Aku sesenggukan di kursi sofa. Memang aku tak pernah menyesal menikah dengan Bayu. Namun yang kusesalkan adalah sikap egoisnya, ia begitu mementingkan harga diri daripada keluarganya. Ya Allah, bukakanlah pintu hati suami hamba, doaku pada Sang Pemilik Rezeki.
***
Matahari sudah meninggi satu tombak, tapi Bayu belum juga keluar kamar. Tadi malam aku terpaksa tidur di sofa ruang tengah, karena Bayu tak membukakan pintu kamar untukku. Atau mungkin, suamiku itu sudah terlelap karena kelelahan?

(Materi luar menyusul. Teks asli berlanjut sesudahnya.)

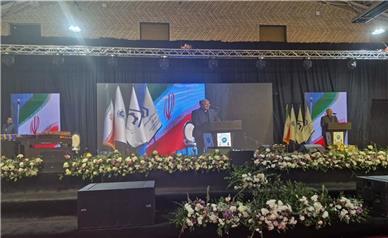 صنعتگران البرزی چرخه تولید را در شرایط سخت روشن نگه داشته‌اند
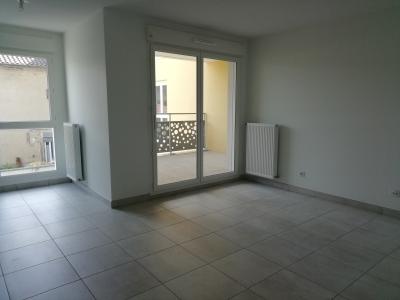 For rent Vernaison 3 rooms 56 m2 Rhone (69390) photo 1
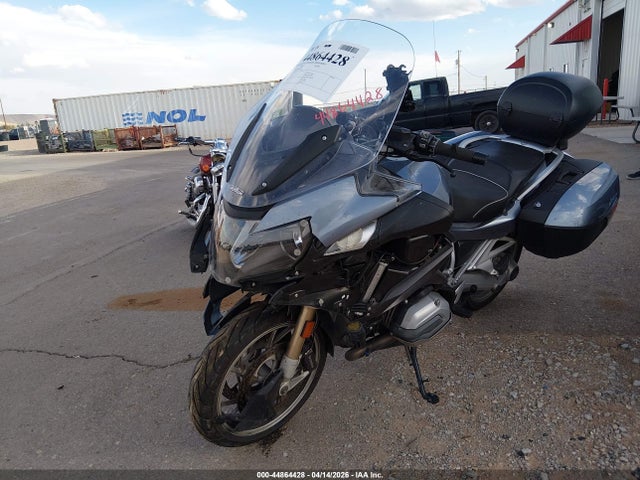 WB10A1309EZ190279 BMW R1200 Rt
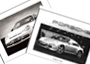 Porsche Prints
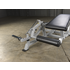 Сгибание ног лежа Body-Solid LVLC на свободном весе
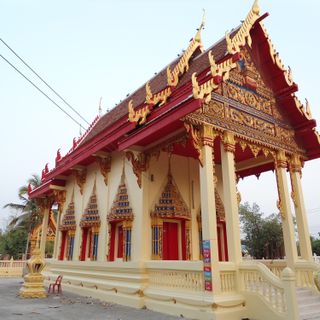 Wat Huai Li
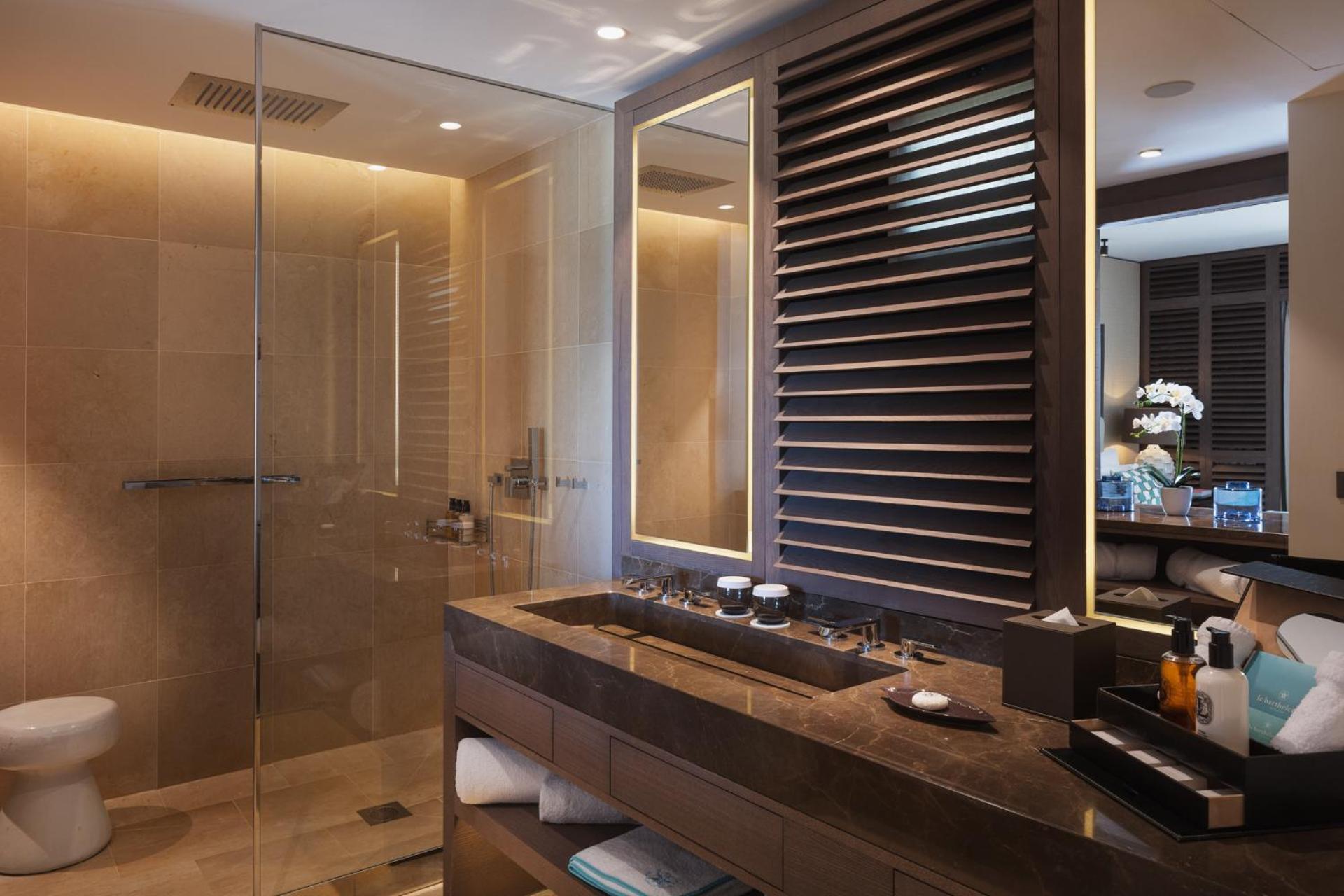 Le Barthelemy Hotel & Spa Густавия Екстериор снимка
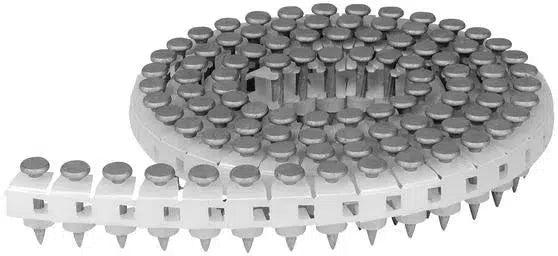Makita F-33562 Betonnagel gegalvaniseerd 2,5 millimeter afbeelding 1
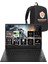 Omen 17 Amd Ryzen 9 8945HS 8gb 2tb SSD RTX4060/8GB 17.3" Fhd 144Hz Windows 11 Home Taşınabilir Bilgisayar & Per4 Çanta A44QREAPN344 1
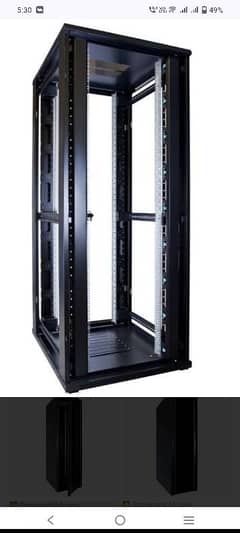 42u Server Rack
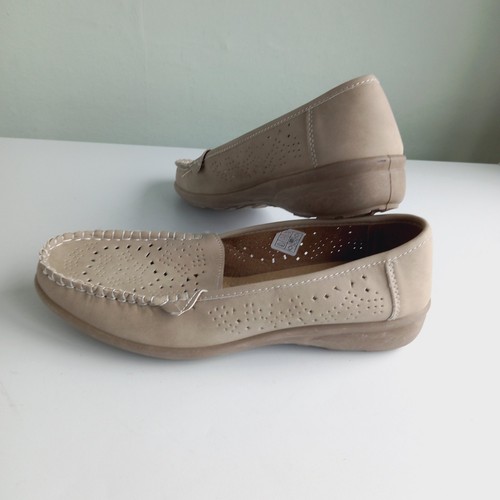 Softlites comfort ladies beige - comfort,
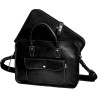 Leather Laptop Briefcase with Removable Sleeve | Corzo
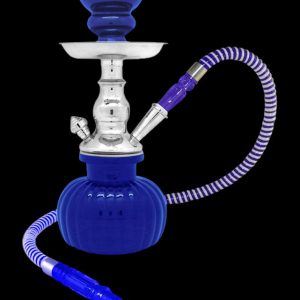 Petite 1-Hose Premium Hookah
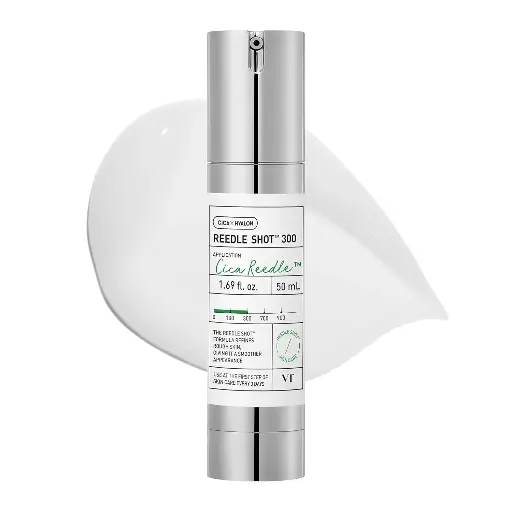VT COSMETICS CICA Reedle Shot 300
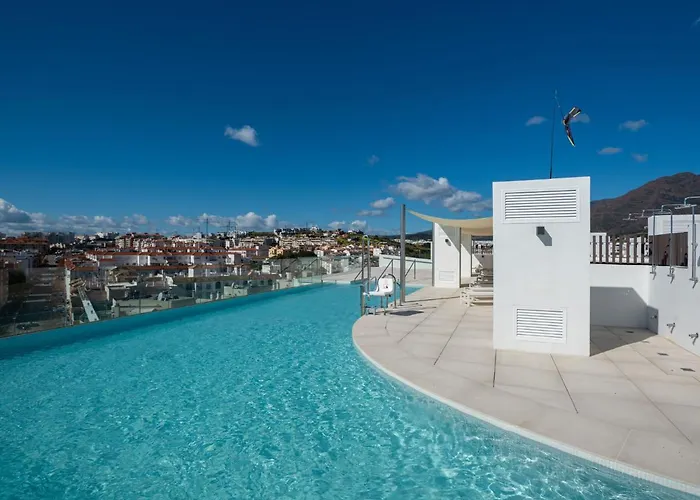 Roof View By Interhome דירה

Aneh, tak biasanya ia seperti ini. Jam enam pagi biasanya ia telah siap untuk pergi. Ada perasaan tak enak yang menggelayuti hatiku, bahkan sejak selesai shalat subuh tadi aku merasakan ada sesuatu, entah apa.

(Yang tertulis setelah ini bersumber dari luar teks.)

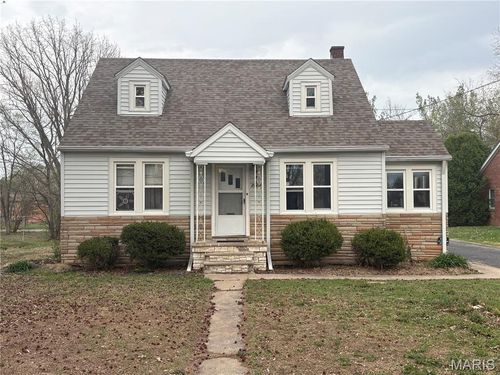 2304 Caseyville Ave, Swansea, IL, 62226-2106 | Card Image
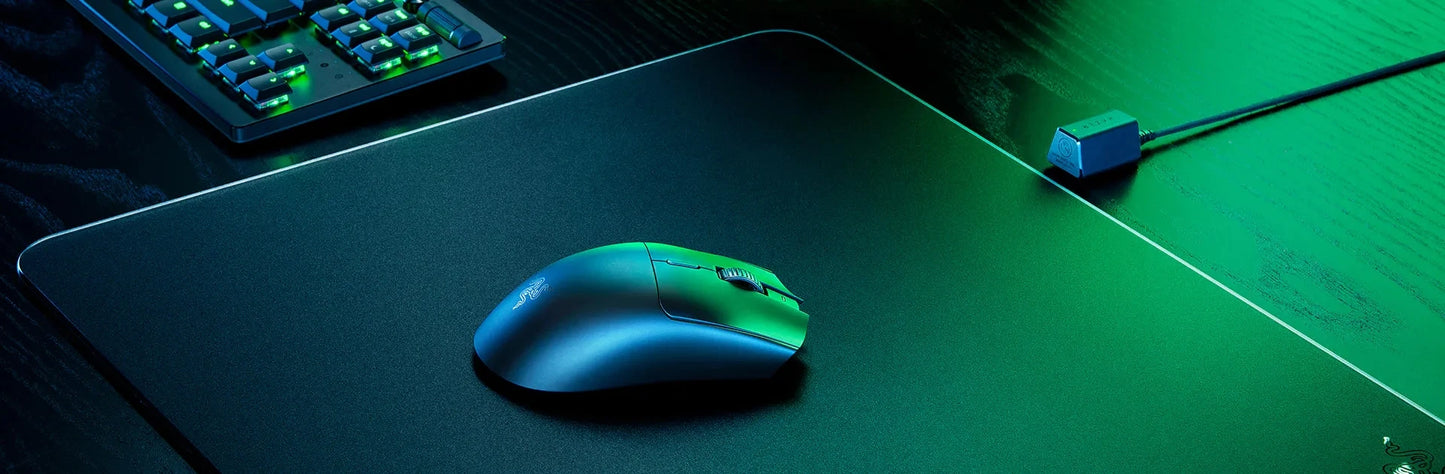 Razer Viper V3 HyperSpeed Kabellose Esports-Gaming-Maus 30K DPI Optischer Sensor Mechanische Switches Gen-2 8 programmierbare Bedienelemente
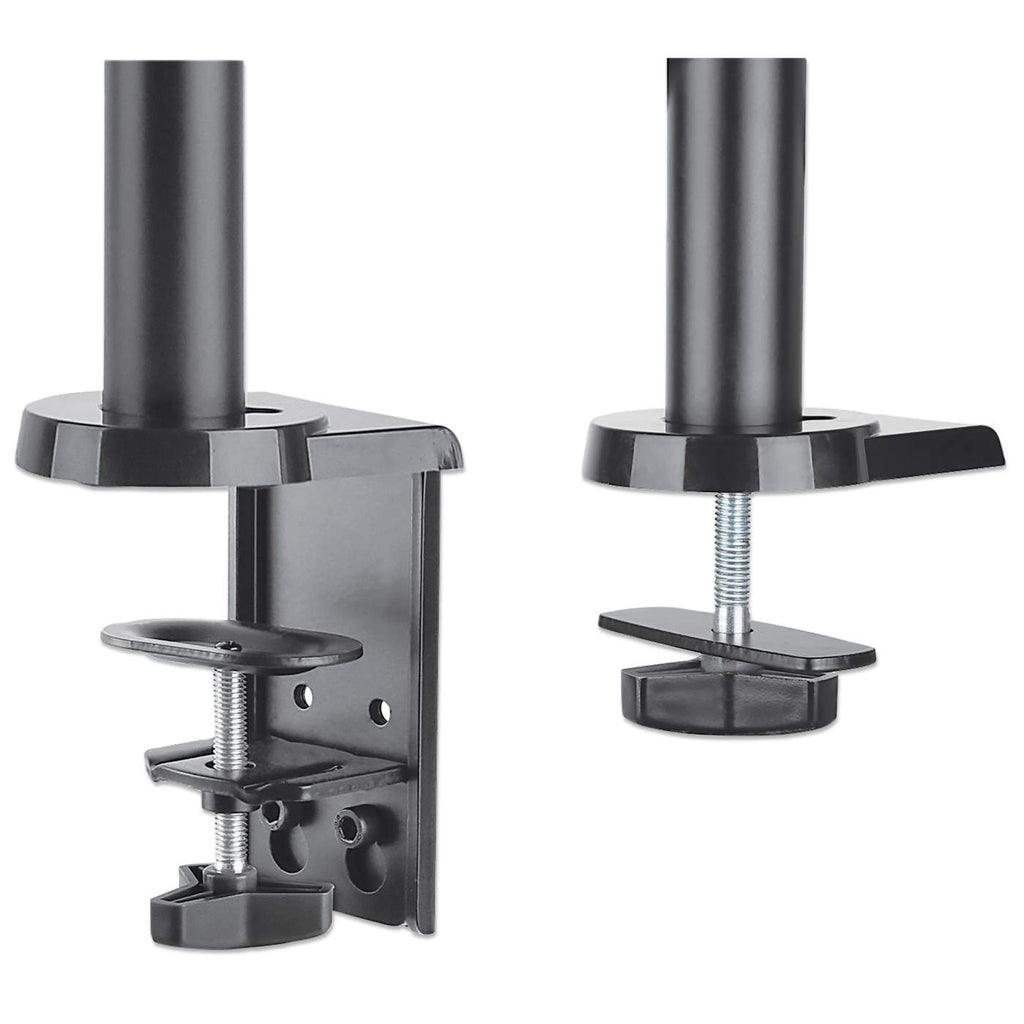 Manhattan Desk Mount for TV & Monitors (Full Motion Gas Spring), For screens – image 5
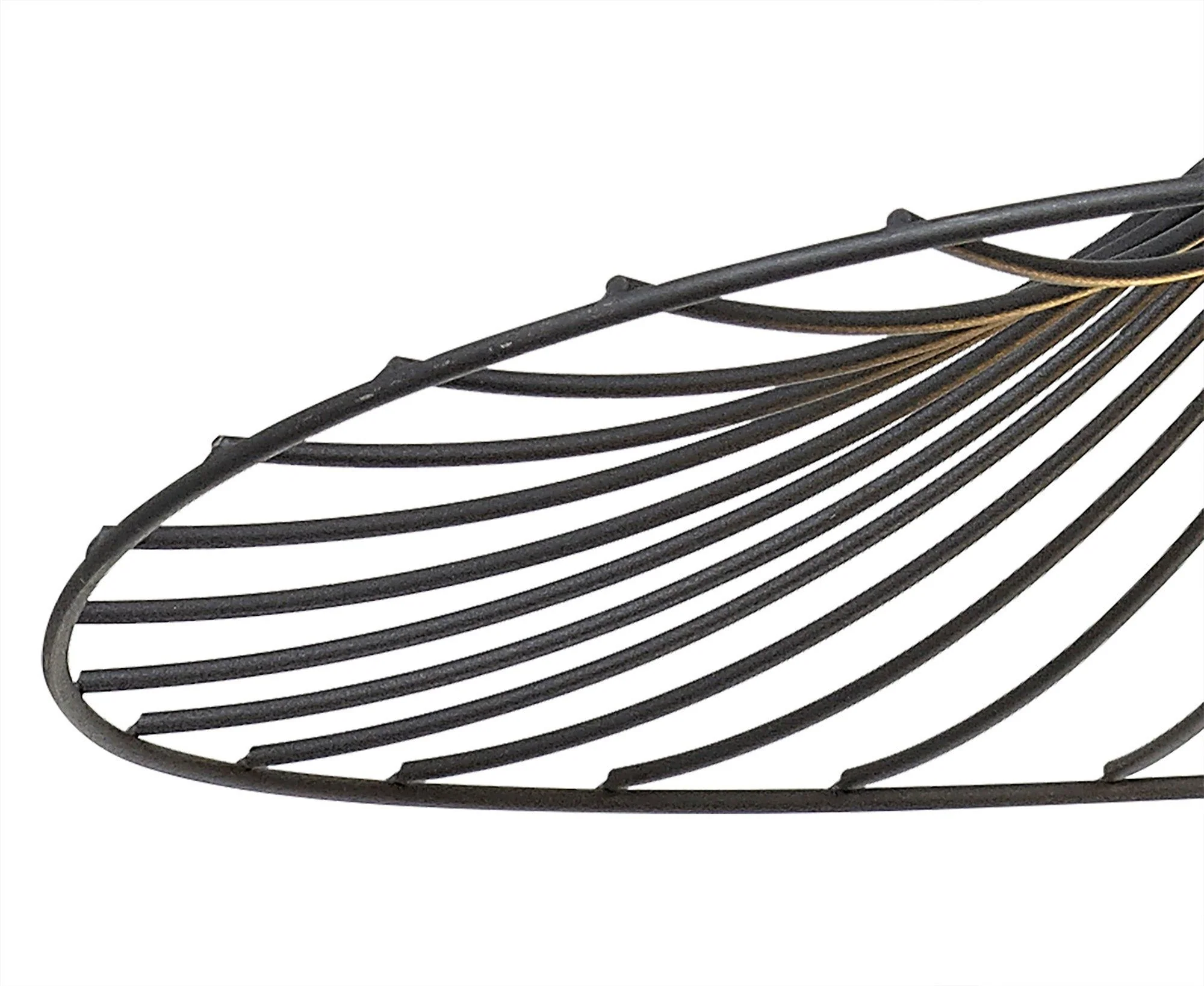Auclair Pendant 1 x E27 IP20 - Image 4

Kuketok pintu dengan pelan. Aku takut Bayu masih tidur, dan merasa terganggu dengan kehadiranku sehingga membuatnya marah.
“Mas.. bangun! Hari sudah siang. Mas tak pergi hari ini?”
Tak ada sahutan. Kutempelkan telinga ke daun pintu, kali saja ada suara dengkuran yang terdengar. Hening. Hatiku menjadi gelisah, apakah telah terjadi sesuatu dengan Bayu di dalam?
“Mas... bangun, Mas!” Teriakku sambil menggedor pintu. Rasa khawatirku semakin menjadi. Aku mulai membayangkan hal terburuk yang menimpa suamiku di dalam. Tiba-tiba pintu kamar terkuak. Bayu dengan pakaian rapi berdiri di ambang pintu. Tangannya telah memegang map yang sedari tadi malam telah disiapkannya. Ah, aku menjadi lega melihatnya.
“Ada apa teriak-teriak?” Tanyanya tanpa merasakan kekhawatiranku tadi.
“Nggak, Mas. Narti hanya takut saja terjadi sesuatu dengan Mas di dalam. Sebab Mas dipanggil tak menyahut,” kataku.
Bayu tak menanggapi. Ia langsung berlalu menuju meja makan. “Apa sarapan untuk Mas sudah kau siapkan?”
“Sudah, Mas. Tapi hanya telur dadar dan nasi putih,” sahutku tak enak, mengikutinya di belakang. Karena hanya itu sisa makanan yang di-utang kemarin di warung Mpok Jainab.
Bayu tak protes. Ia makan dengan lahap. Mungkin karena kelaparan sebab tadi malam tak sempat makan. Bayu melirikku.
“Kau tak makan?”
“Nggak, Mas. Hari ini Narti puasa sunah,” sahutku sambil tersenyum. Lebih baik aku berpuasa daripada harus mengeluh dengan nasib keluargaku ini. Selain demi menghemat kebutuhan, semoga saja niatku ini menjadi nilai ibadah.
“Baguslah...,” sahut Bayu datar.
Selesai sarapan, Bayu langsung pergi. Tak lupa ia meminta doa padaku, semoga hari ini ia mendapat pekerjaan. Tentu saja aku selalu mendoakannya, bahkan tiap selesai shalat aku selalu berdoa untuk kebaikannya dan keluarga kecil kami.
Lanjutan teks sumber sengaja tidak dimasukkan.